There was the time a client, frustrated by a project timeline, asked in exasperation: “Why does it take so long to edit a vis aid? Don’t you just fwap the new info on?” If only it were that simple.
Then there was the day a client asked us to buy golf gear and pay for a trip to South Carolina for three of us and bill it back to them – different times, indeed.
And one of my personal favourites. We once wrote a blog called “The Worst Client We Ever Had.” For weeks afterward, nearly every client called or emailed asking (half-jokingly, half-seriously) “It’s not me, is it?”
Those moments remind me that even in an industry built on science, data, and compliance, relationships and humour have always been at the heart of what we do.
Stories from the Trenches
Not all lessons came from campaigns. I remember one pitch where multiple agencies were on a group call to bid live on pricing per tactic. During that call, I happened to be on the phone with someone from a competing agency and we quietly agreed that neither of us would undercut the other. It was a strange, unspoken moment of solidarity in a fiercely competitive space.
Then came the cannabis era, when legalization in Canada sparked a wave of opportunity and confusion. We partnered with Aurora to help launch their brands, navigating a brand-new market filled with energy, uncertainty, and shifting regulations.
And of course, nothing was as disruptive as COVID-19. Overnight, our office went dark, replaced by Zoom calls, cloud storage, and figuring out how to collaborate from our kitchen tables. What felt impossible just weeks earlier quickly became business as usual. Out of this chaos came creativity – and a new model for how pharma marketing could look in a digital-first world.
2025: A Fully Connected Future
Fast forward to today. The world runs on high-speed broadband and 5G/6G networks. Our devices – phones, tablets, laptops – are all cloud-connected, syncing our work (and our lives) in real time.
AI assistants and automation handle tasks that once took days. Smartphones are no longer just communication tools. They’re our cameras, wallets, GPS devices, and even creative studios. Streaming platforms dominate entertainment.
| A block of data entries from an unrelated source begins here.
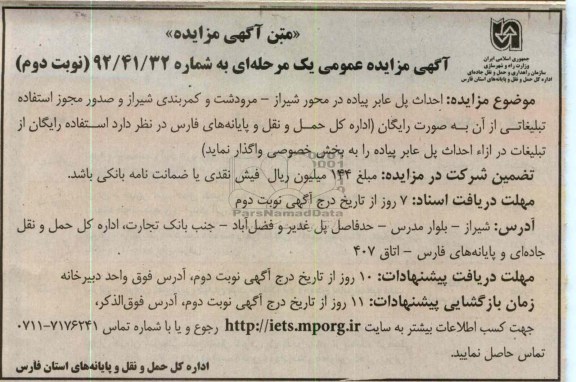 احداث پل عابر پیاده در محور شیراز- مرودشت
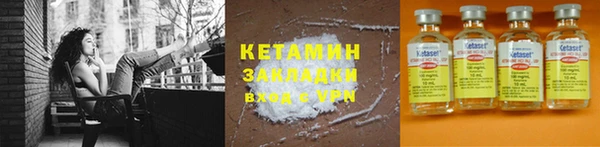 ГАЛЛЮЦИНОГЕННЫЕ ГРИБЫ Навашино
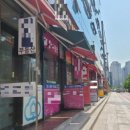 원부동산중개 Daum카페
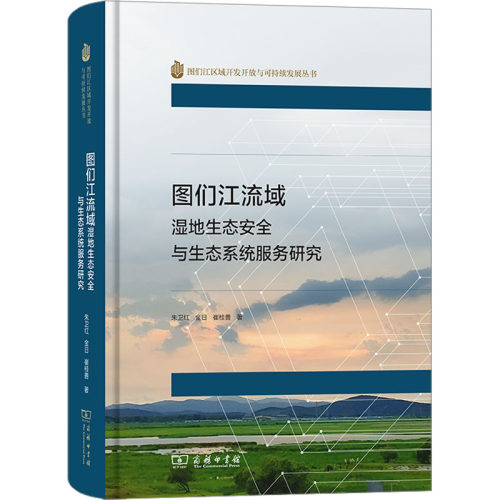 图们江流域湿地生态安全与生态系统服务研究朱卫红,金日,崔桂善 著 著9787100257329书籍\/杂志\/报纸/地图/地理//地区概况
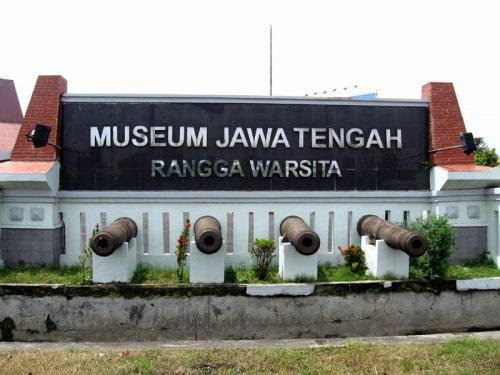 gambar museum ronggowarsito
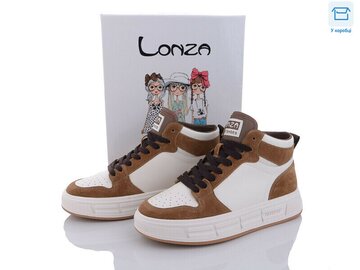 Кросівки Lonza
Virtual and augmented reality have entered mainstream use, from gaming to healthcare training.
And maybe most importantly, data-driven personalization and AI-powered creativity are reshaping marketing itself. The core principles we’ve always built our business on – understanding the audience, supporting their journey, and delivering meaningful engagement – are still the same. They’ve simply evolved into smarter, digital forms.
Looking Back, Moving Forward
Pharma marketing has come a long way in 30 years. We’ve moved from acetate slides to AI analytics, from fax machines to omnichannel ecosystems. But at its core, our mission hasn’t changed: connect patients, healthcare professionals, and brands in ways that genuinely improve lives.
The tools will keep evolving, the technology will keep accelerating, but the heart of good marketing remains the same: insight, empathy, and trust.